[EXERCISE REQUIREMENTS]:
Without reproducing any image, print the listing below exactly.

[AVAILABLE DATA]:
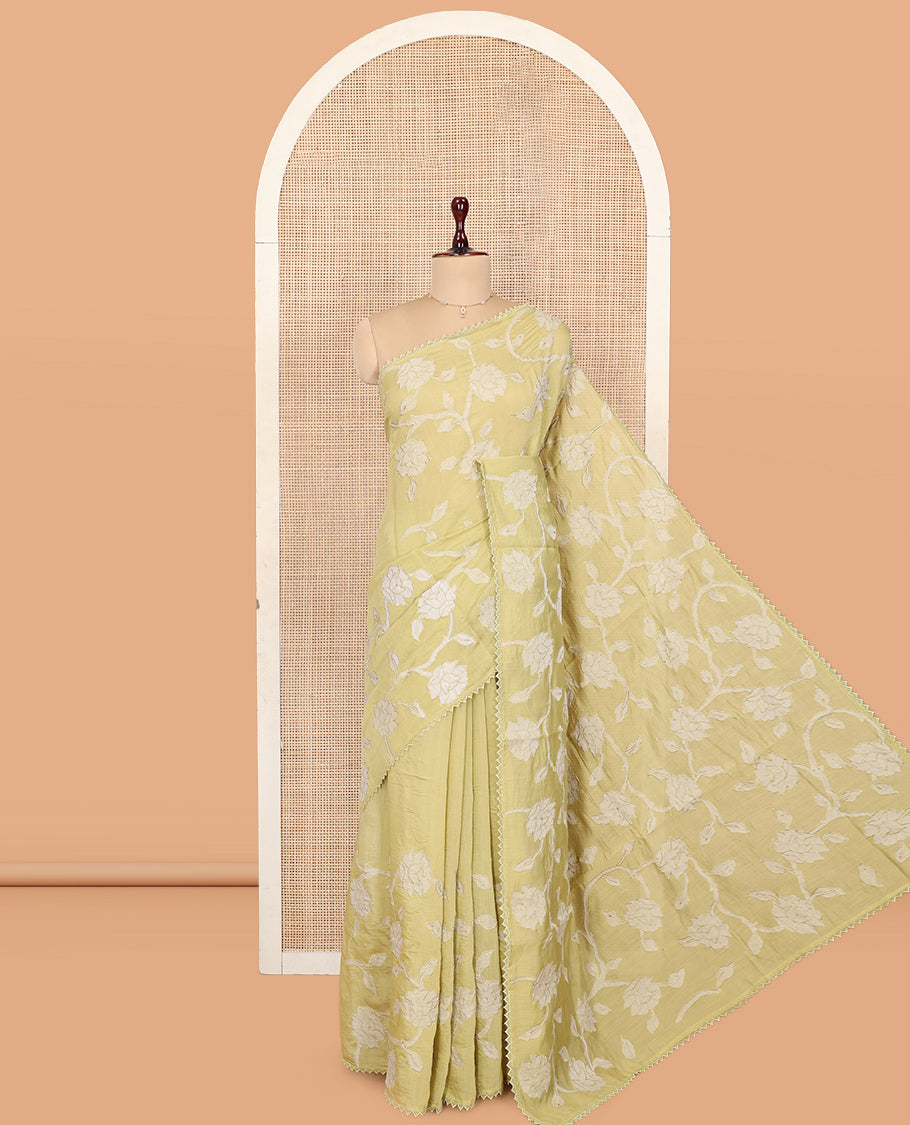 Pale Green Tussar Silk Saree, Prettified with Floral Vine Embroidery, Lace Border, and a Matching Blouse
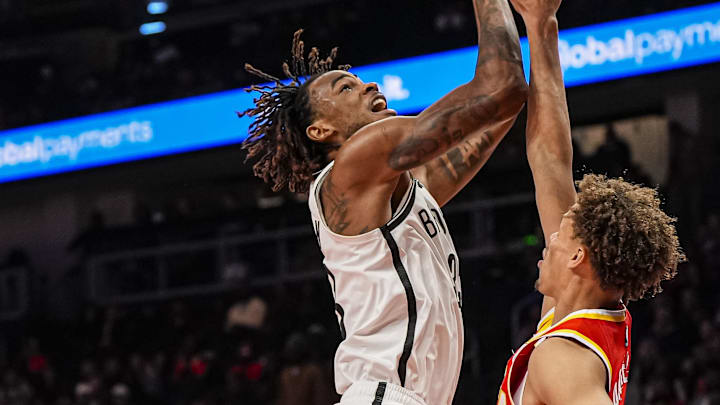 Feb 22, 2026; Atlanta, Georgia, USA; Brooklyn Nets center Nic Claxton (33) shoots over Atlanta Hawks guard Dyson Daniels (5) during the first half at State Farm Arena. Mandatory Credit: Dale Zanine-Imagn Images Feb 22, 2026; Atlanta, Georgia, USA; Brooklyn Nets center Nic Claxton (33) shoots over Atlanta Hawks guard Dyson Daniels (5) during the first half at State Farm Arena. Mandatory Credit: Dale Zanine-Imagn Images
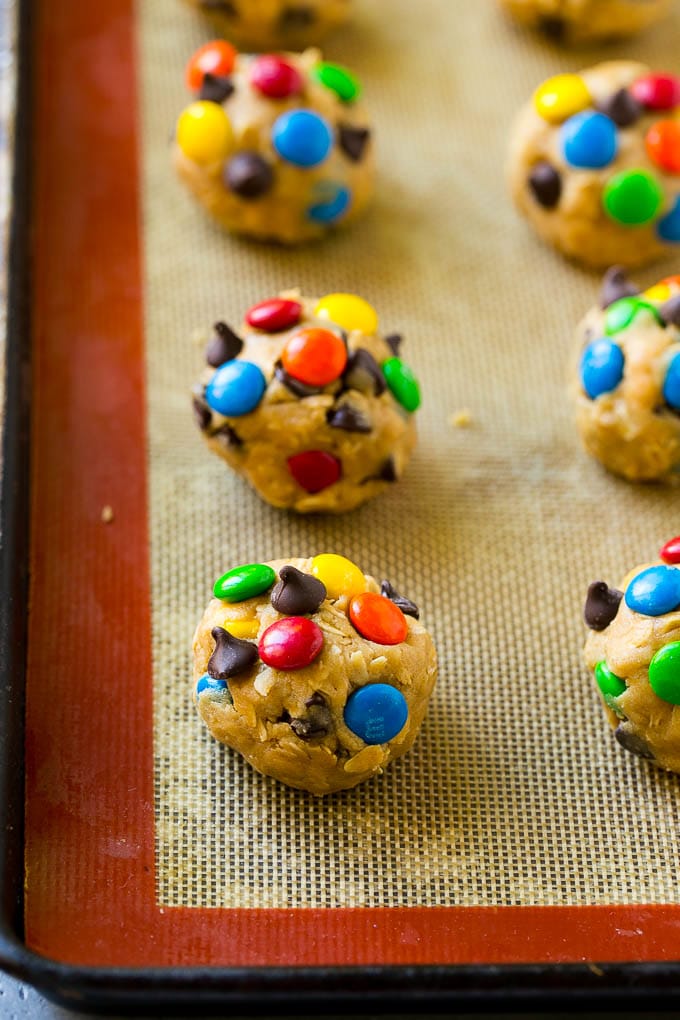 Monster Cookies Recipe | Oatmeal Cookies | Peanut Butter Cookies | M&M's Cookies #baking #cookies #dessert #peanutbutter #chocolate #edsug Balls of cookie dough on a baking sheet.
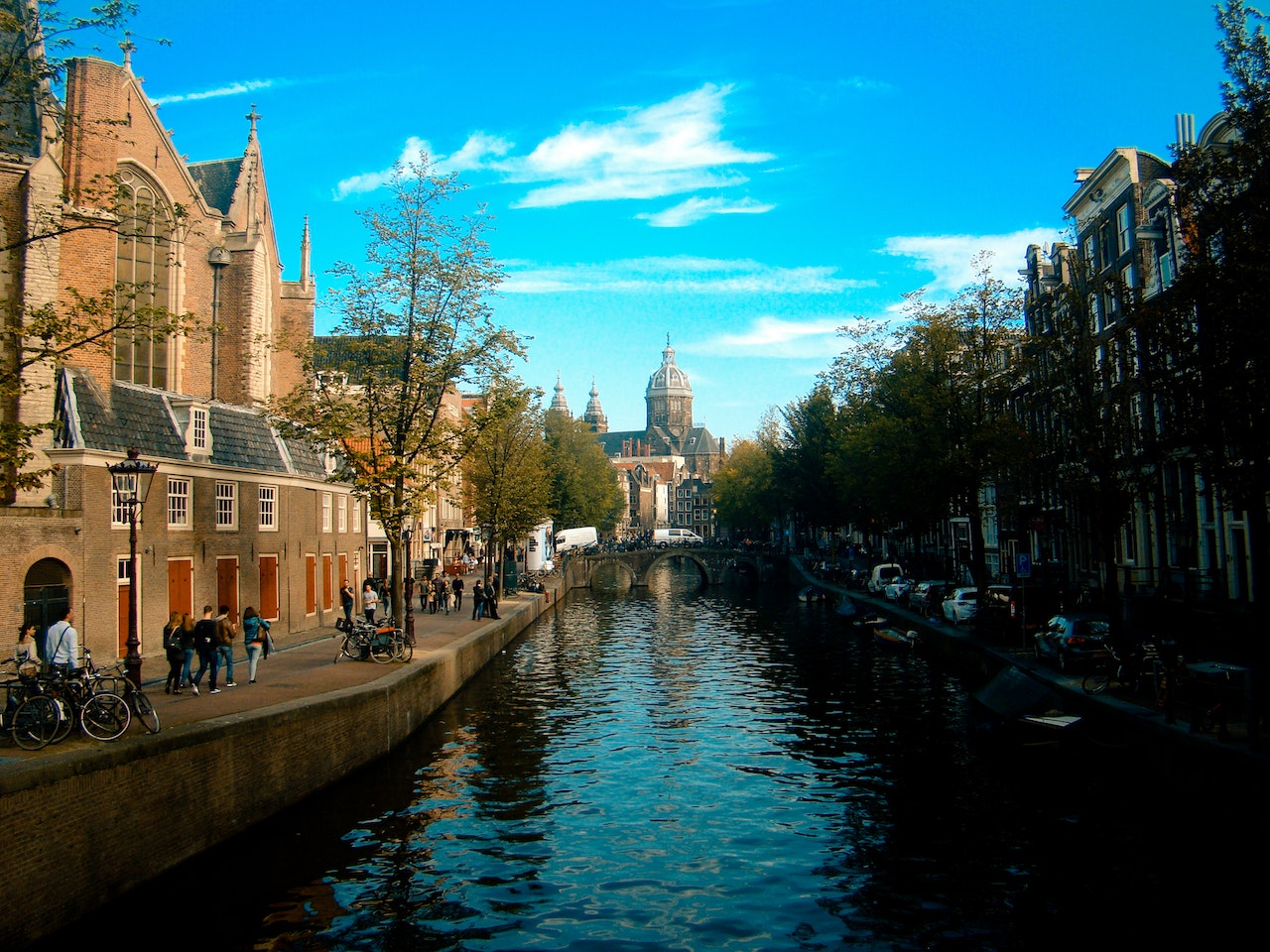 People Walking Beside River Under White Cloudy Sky - Amsterdam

[SOLUTION TO THE PROBLEM]:
 Pale Green Tussar Silk Saree, Prettified with Floral Vine Embroidery, Lace Border, and a Matching Blouse
 Feb 22, 2026; Atlanta, Georgia, USA; Brooklyn Nets center Nic Claxton (33) shoots over Atlanta Hawks guard Dyson Daniels (5) during the first half at State Farm Arena. Mandatory Credit: Dale Zanine-Imagn Images Feb 22, 2026; Atlanta, Georgia, USA; Brooklyn Nets center Nic Claxton (33) shoots over Atlanta Hawks guard Dyson Daniels (5) during the first half at State Farm Arena. Mandatory Credit: Dale Zanine-Imagn Images
 Monster Cookies Recipe | Oatmeal Cookies | Peanut Butter Cookies | M&M's Cookies #baking #cookies #dessert #peanutbutter #chocolate #edsug Balls of cookie dough on a baking sheet.
 People Walking Beside River Under White Cloudy Sky - Amsterdam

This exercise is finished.